Stored dataset items:
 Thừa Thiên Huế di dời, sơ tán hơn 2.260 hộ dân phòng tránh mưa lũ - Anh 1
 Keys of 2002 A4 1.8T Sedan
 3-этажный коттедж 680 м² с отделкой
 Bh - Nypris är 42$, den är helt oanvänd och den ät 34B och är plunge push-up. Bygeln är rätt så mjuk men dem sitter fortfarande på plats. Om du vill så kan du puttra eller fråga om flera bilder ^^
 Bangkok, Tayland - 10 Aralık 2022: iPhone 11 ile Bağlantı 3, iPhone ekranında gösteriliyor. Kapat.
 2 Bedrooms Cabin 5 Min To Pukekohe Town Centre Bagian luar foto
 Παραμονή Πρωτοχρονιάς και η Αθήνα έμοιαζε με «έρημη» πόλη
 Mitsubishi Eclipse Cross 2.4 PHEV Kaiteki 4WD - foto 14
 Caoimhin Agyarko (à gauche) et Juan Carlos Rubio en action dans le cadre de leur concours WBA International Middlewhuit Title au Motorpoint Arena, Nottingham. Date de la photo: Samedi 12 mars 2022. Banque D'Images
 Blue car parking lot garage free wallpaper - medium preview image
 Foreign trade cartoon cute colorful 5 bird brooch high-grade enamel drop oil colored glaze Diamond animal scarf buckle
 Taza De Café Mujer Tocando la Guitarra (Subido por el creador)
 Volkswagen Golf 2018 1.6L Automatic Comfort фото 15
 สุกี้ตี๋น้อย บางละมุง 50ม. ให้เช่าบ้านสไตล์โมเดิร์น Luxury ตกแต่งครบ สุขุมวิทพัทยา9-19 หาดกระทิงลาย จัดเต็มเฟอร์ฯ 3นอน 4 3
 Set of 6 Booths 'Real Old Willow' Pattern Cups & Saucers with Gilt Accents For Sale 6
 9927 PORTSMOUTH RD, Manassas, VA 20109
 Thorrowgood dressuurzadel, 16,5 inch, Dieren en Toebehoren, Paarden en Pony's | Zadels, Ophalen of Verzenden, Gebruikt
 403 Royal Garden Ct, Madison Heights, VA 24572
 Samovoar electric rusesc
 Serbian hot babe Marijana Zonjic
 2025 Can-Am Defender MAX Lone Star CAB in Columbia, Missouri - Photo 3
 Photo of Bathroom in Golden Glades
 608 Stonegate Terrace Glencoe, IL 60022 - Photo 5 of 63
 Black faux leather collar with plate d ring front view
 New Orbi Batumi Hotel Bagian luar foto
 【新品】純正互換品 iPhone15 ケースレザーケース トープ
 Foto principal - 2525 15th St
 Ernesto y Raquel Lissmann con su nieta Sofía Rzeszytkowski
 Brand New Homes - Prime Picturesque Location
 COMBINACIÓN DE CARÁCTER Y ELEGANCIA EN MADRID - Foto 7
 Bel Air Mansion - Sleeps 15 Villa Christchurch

PROBLEM TO SOLVE:
Using the data above, return each line exactly as written.

ANSWER:
 Thừa Thiên Huế di dời, sơ tán hơn 2.260 hộ dân phòng tránh mưa lũ - Anh 1
 Keys of 2002 A4 1.8T Sedan
 3-этажный коттедж 680 м² с отделкой
 Bh - Nypris är 42$, den är helt oanvänd och den ät 34B och är plunge push-up. Bygeln är rätt så mjuk men dem sitter fortfarande på plats. Om du vill så kan du puttra eller fråga om flera bilder ^^
 Bangkok, Tayland - 10 Aralık 2022: iPhone 11 ile Bağlantı 3, iPhone ekranında gösteriliyor. Kapat.
 2 Bedrooms Cabin 5 Min To Pukekohe Town Centre Bagian luar foto
 Παραμονή Πρωτοχρονιάς και η Αθήνα έμοιαζε με «έρημη» πόλη
 Mitsubishi Eclipse Cross 2.4 PHEV Kaiteki 4WD - foto 14
 Caoimhin Agyarko (à gauche) et Juan Carlos Rubio en action dans le cadre de leur concours WBA International Middlewhuit Title au Motorpoint Arena, Nottingham. Date de la photo: Samedi 12 mars 2022. Banque D'Images
 Blue car parking lot garage free wallpaper - medium preview image
 Foreign trade cartoon cute colorful 5 bird brooch high-grade enamel drop oil colored glaze Diamond animal scarf buckle
 Taza De Café Mujer Tocando la Guitarra (Subido por el creador)
 Volkswagen Golf 2018 1.6L Automatic Comfort фото 15
 สุกี้ตี๋น้อย บางละมุง 50ม. ให้เช่าบ้านสไตล์โมเดิร์น Luxury ตกแต่งครบ สุขุมวิทพัทยา9-19 หาดกระทิงลาย จัดเต็มเฟอร์ฯ 3นอน 4 3
 Set of 6 Booths 'Real Old Willow' Pattern Cups & Saucers with Gilt Accents For Sale 6
 9927 PORTSMOUTH RD, Manassas, VA 20109
 Thorrowgood dressuurzadel, 16,5 inch, Dieren en Toebehoren, Paarden en Pony's | Zadels, Ophalen of Verzenden, Gebruikt
 403 Royal Garden Ct, Madison Heights, VA 24572
 Samovoar electric rusesc
 Serbian hot babe Marijana Zonjic
 2025 Can-Am Defender MAX Lone Star CAB in Columbia, Missouri - Photo 3
 Photo of Bathroom in Golden Glades
 608 Stonegate Terrace Glencoe, IL 60022 - Photo 5 of 63
 Black faux leather collar with plate d ring front view
 New Orbi Batumi Hotel Bagian luar foto
 【新品】純正互換品 iPhone15 ケースレザーケース トープ
 Foto principal - 2525 15th St
 Ernesto y Raquel Lissmann con su nieta Sofía Rzeszytkowski
 Brand New Homes - Prime Picturesque Location
 COMBINACIÓN DE CARÁCTER Y ELEGANCIA EN MADRID - Foto 7
 Bel Air Mansion - Sleeps 15 Villa Christchurch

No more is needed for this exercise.